We started out at 5:00AM with headlamps on and got across the creek with a minor navigational detour and some bushwhacking. (The creek crossing is straightforward if you take the correct heading toward the sign that marks the trail after the first cross.)
Hiking through mist and light rain, we covered the forested portion and the boulder field up to the waterfall where we took a longer break to refill water and have a group discussion. One climber wasn't feeling well and another climber wasn't feeling the weather, and they opted to descend to the cars rather than continue the climb. (They had an InReach for communication, and we exchanged InReach handles and tested InReach-to-InReach communication before they set out.)
The remaining group of seven hiked up through the meadows and descended down onto the Roush Basin at about 9:30AM. We roped up at 11AM and snaked through crevasses on hard ice, tending climber's right.
Rather than going climber's left around the enormous moulin that is opposite the Eggplant, we went around climber's right, crossing hard blue ice intermixed with patches of soft, pasty snow. The moulin itself was striking, with small waterfalls pouring out of breaks along the face.
Visibility was limited crossing the "football field", but we took advantage of breaks in the clouds to adjust our path around crevasses and navigated up to high camp where we were treated to stunning view of dynamic clouds over Forbidden.
Past high camp, we hugged climber's left on hard, dirty snow that was good for crampons but too hard to kick steps into. There were significant moats open along the rocks as well as crevasses running parallel to the ridge, but we were able to navigate around the obstacles, getting onto the rock once on the way to the knife edge.

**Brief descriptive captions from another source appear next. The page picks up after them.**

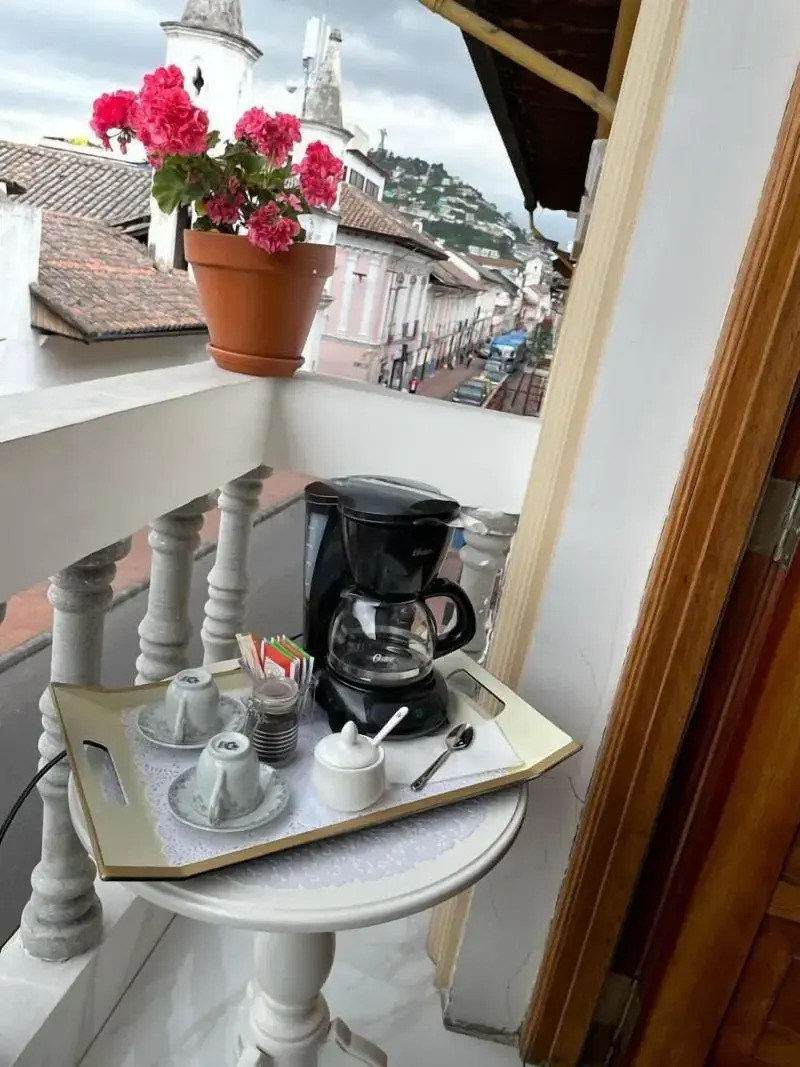 Photo - Adamas House Hotel Boutique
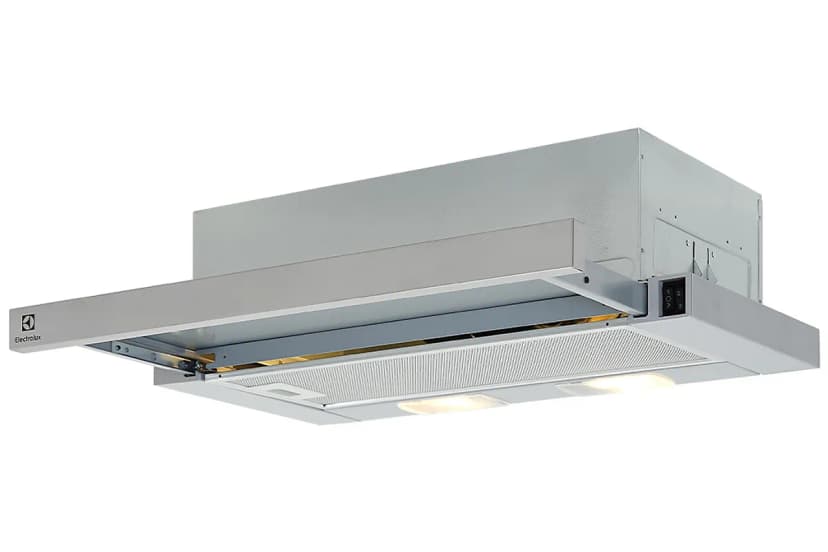 So sánh giá Máy hút mùi âm tủ Electrolux LFP216S - Tìm sản phẩm giá rẻ nhất - Ảnh 3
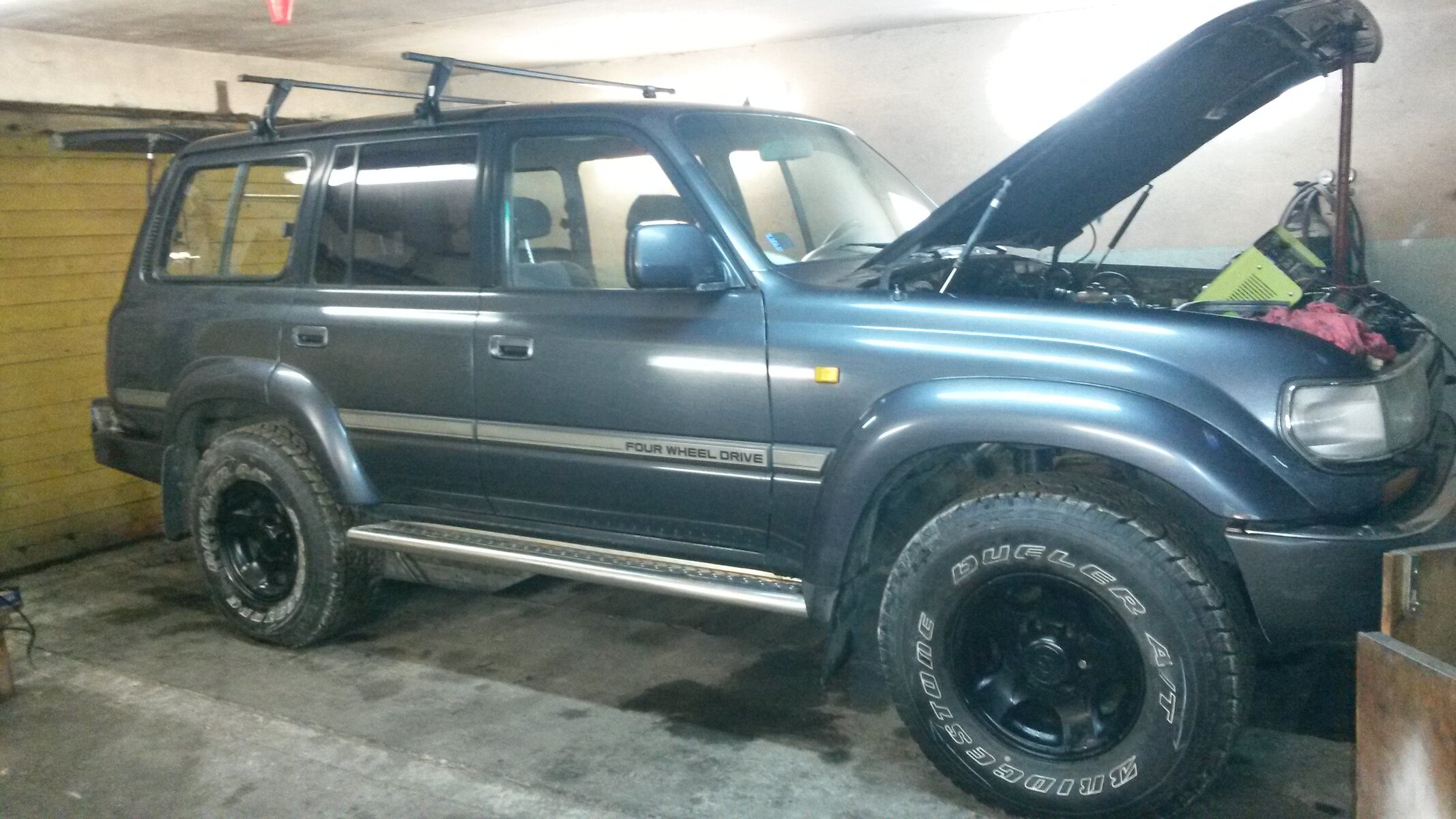 20140106_230825.jpg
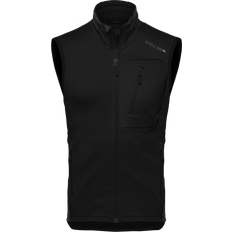 Stellar Equipment Västar Stellar Equipment Mid Vest 2.0 M - Black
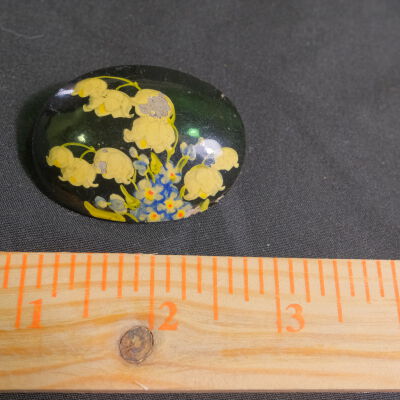 Brooch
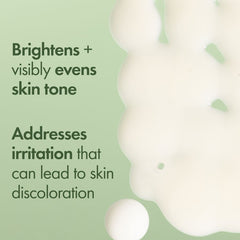 Dr Weil Mega-Mushroom Dark Spot Brightening Corrector Serum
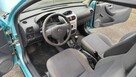 SPRZEDAM Opel Corsa - 13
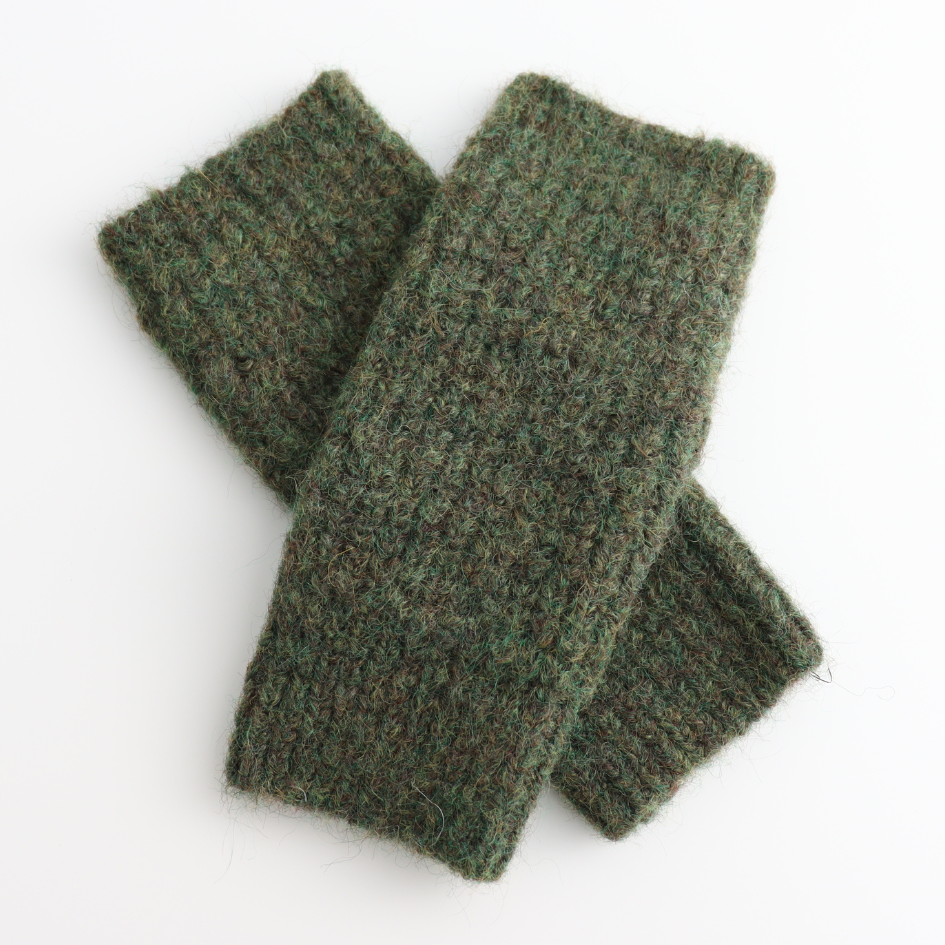 Plain Handwarmers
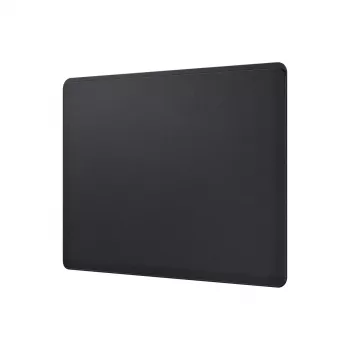 Samsung EF-LPUN6 custodia a tasca 40,6 cm (16 pollici) nero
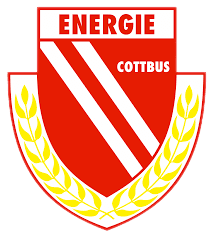 Energie Cottbus U19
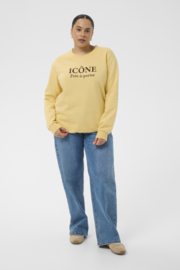 Sweater Roselda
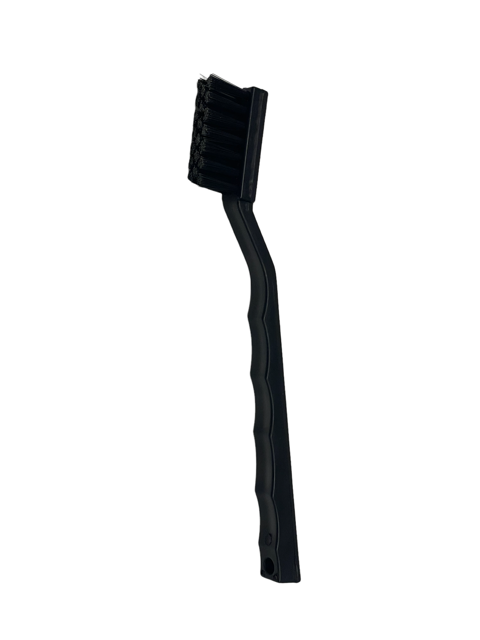 3Dmensionals Nylonbürste 20-Loch (M)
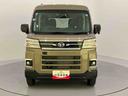 プリクラ　電動格納式ドアミラー　ターボ車　エアバッグ　切替式４ＷＤ　アイドルストップ　ＵＳＢ　ＬＥＤライト　ＡＢＳ　デュアルパワースライドドア　バックビューカメラ　ＬＫＡＳ（山口県）の中古車
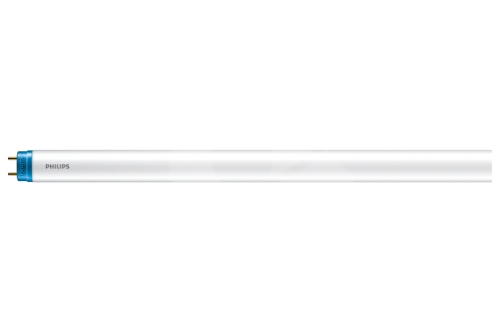 LED trubice CorePro T8 Philips 150cm, 20W/840, 2200lm, 4000K, G13 skleněná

We reached the knife edge close to our turn-around time of 2PM with weather oscillating between strong winds and clear, strong winds and low visibility, and strong winds with sideways hail, and after some deliberation with the group, I made the call to turn us around. With better weather or with a slightly earlier start, we would have had time to protect — likely with screws —and cross the knife edge. (We brought six long ice screws in addition to pickets.)
We made good time on the way down in spite of stopping to enjoy abundant blueberries. We got off the glacier at 3:30PM, off the boulder field at 6:15PM, back to the cars at 7:30PM, and to Mondo's just before closing time.